Dear Umbra,

I’ve recently been debating my cousin about the merits of environmentalism, and he consistently attacks my positions by claiming that the studies that make the case that the environment is in trouble are funded by groups that have a vested interest in maintaining that position. In other words, groups that are devoted to environmental protection stand to benefit from people believing that the environment is in trouble. He also argues that the environmental movement has strong negative consequences — for example, the deaths in France in the summer of 2003 from lack of air conditioning (which were more attributable to lack of elderly care, but air conditioning would have unquestionably saved many lives), or the increase in highway deaths following the mid-1970s shift to smaller cars.

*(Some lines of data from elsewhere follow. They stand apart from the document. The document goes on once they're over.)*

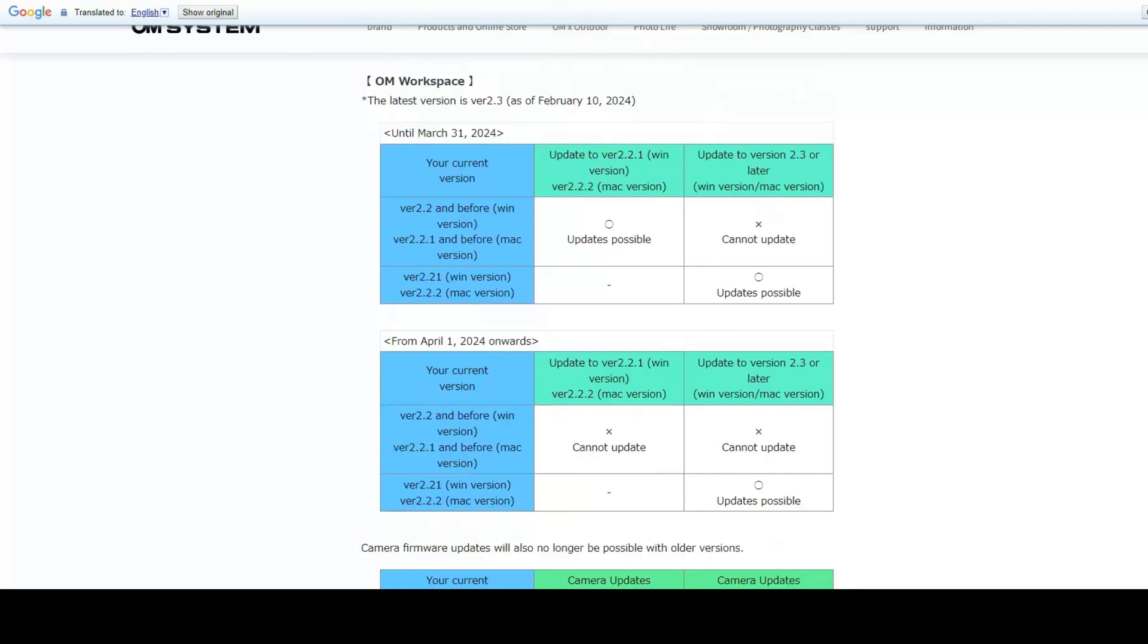Also, I think someone actually created an installer for Olympus cameras where you can install the firmware without having OM workspace. In addition to that, I think the E-M1X had software which worked on all versions of Windows, so I think that software might still be usable for some cameras if you want to upgrade the firmware on them.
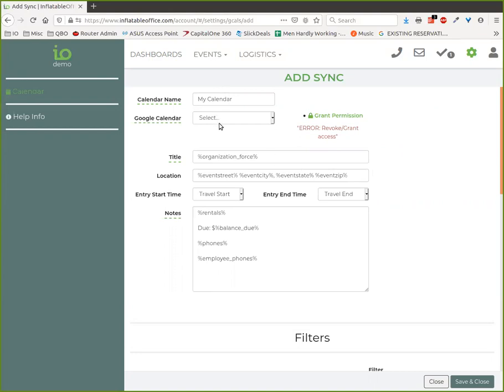You can make each sync go to a different calendar in your Google account. You can put different data on each sync, and that's what these variables do.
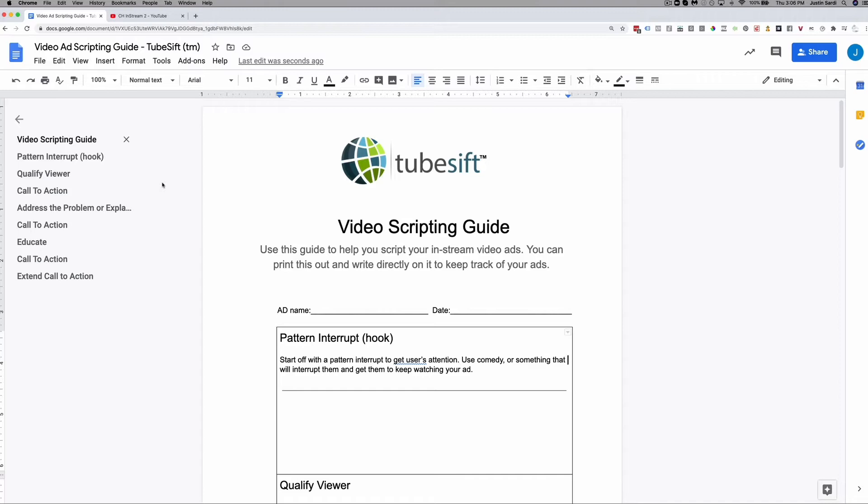Hopefully that was helpful as far as scripting these types of ads. We showed you a couple of ads that have performed extremely well and showed you our fill-in-the-blank template. You can download that template by going right below this video, or if you're watching on YouTube click the link in the description. You can get that scripting guide delivered directly to your inbox at no cost to you.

I take environmentally conscious policies as a given, and in a sense, that’s his point: that these arguments are grounded less in actual reasoning than in a “sense” that something is wrong, which leads to more harm than good. I don’t know that anything could convince me not to be an environmentalist, but this makes me feel even more strongly that I need better data to support my position. Can you give me some assistance?

Judd
Princeton, N.J.

Dearest Judd,

Wondering how to kick butt in
eco-debates?

Environmentalism, like any -ism, is a philosophy through which we comprehend our lives. Being an environmentalist means we consider the environment in our thoughts and actions. Environmentalism is not monolithic, and it’s certainly not synonymous with believing that all aspects of modern life are destroying the planet. We contain multitudes, cousin.

But! Mustering an argument does feel gooood, and you’re right to want to do it well. Let’s see what I can come up with for you and your cousin. How about avoiding private and nonprofit groups in your discussions, and using instead studies by the U.N. and other international bodies that have no financial (or certainly no political) motivation to discover environmental problems? For instance, the Intergovernmental Panel on Climate Change says, “There is new and stronger evidence that most of the warming observed over the last 50 years is attributable to human activities.” Or take the United Nations Environment Program, which asserts, “If present consumption patterns continue, two out of every three persons on earth will live in water-stressed conditions by the year 2025.” Or how about my favorite confused agency, the Bush administration’s U.S. EPA, which can hardly be considered a hothouse of rabid, self-serving eco-heads, yet still voices serious concerns over issues ranging from acid rain to the loss of wetlands? A little browsing on sites like these will elucidate the issues and pack your argument quiver.

As for the world outside of governmental and intergovernmental agencies: I would venture to say that no reputable organization believes everything is hunky-dory with the environment. Even the World Coal Institute, to take just one example, acknowledges the problem by noting that “the industry is striving to minimize its environmental footprint.”

If quoting studies makes no impact on your cousin, there are always readily observable facts. In addition to whatever dedicated research you undertake, take note when you read the news. (Have you and/or your cousin signed up for Daily Grist?) The polar ice caps are retreating, for Pete’s sake. Diversion for irrigation has turned the Aral Sea, once the world’s fourth-largest lake, into a shrunken, dusty salt lick surrounded by people whose fishing livelihoods have vanished, whose ecosystem has mutated, and who are increasingly ill from the salt and pesticide in the air, land, and remaining water. Earth’s remaining forests are coming down at an annual rate of nearly 30 million acres. Have you been following the news on the Newmont gold mine in Indonesia? Thirty-three tons of mercury released into the environment over four years? Lots of sick people over there.

As those last two examples suggest, it is environmental degradation, not environmental protection, that places people’s lives and livelihoods at risk. In 1952, industrial air pollutants in London led to a five-day smog that killed more than 4,000 people. The resultant decades of legislative and other activities, have, needless to say, improved London’s air. There and around the globe, environmentalists are working hard to stop sickness and death: from smog-induced asthma, from climate-change-induced hurricanes, from pesticide poisoning.

As for France: As Bill McKibben recently noted in the pages of Grist, the deaths to which your cousin refers were caused by a heat wave and by the physical and social environment in which people were living, not by a line of environmentalists physically blocking the air-conditioning boutique. And why was there a heat wave? Why is weather getting so wacky? Tell your cousin to ask the Intergovernmental Panel on Climate Change.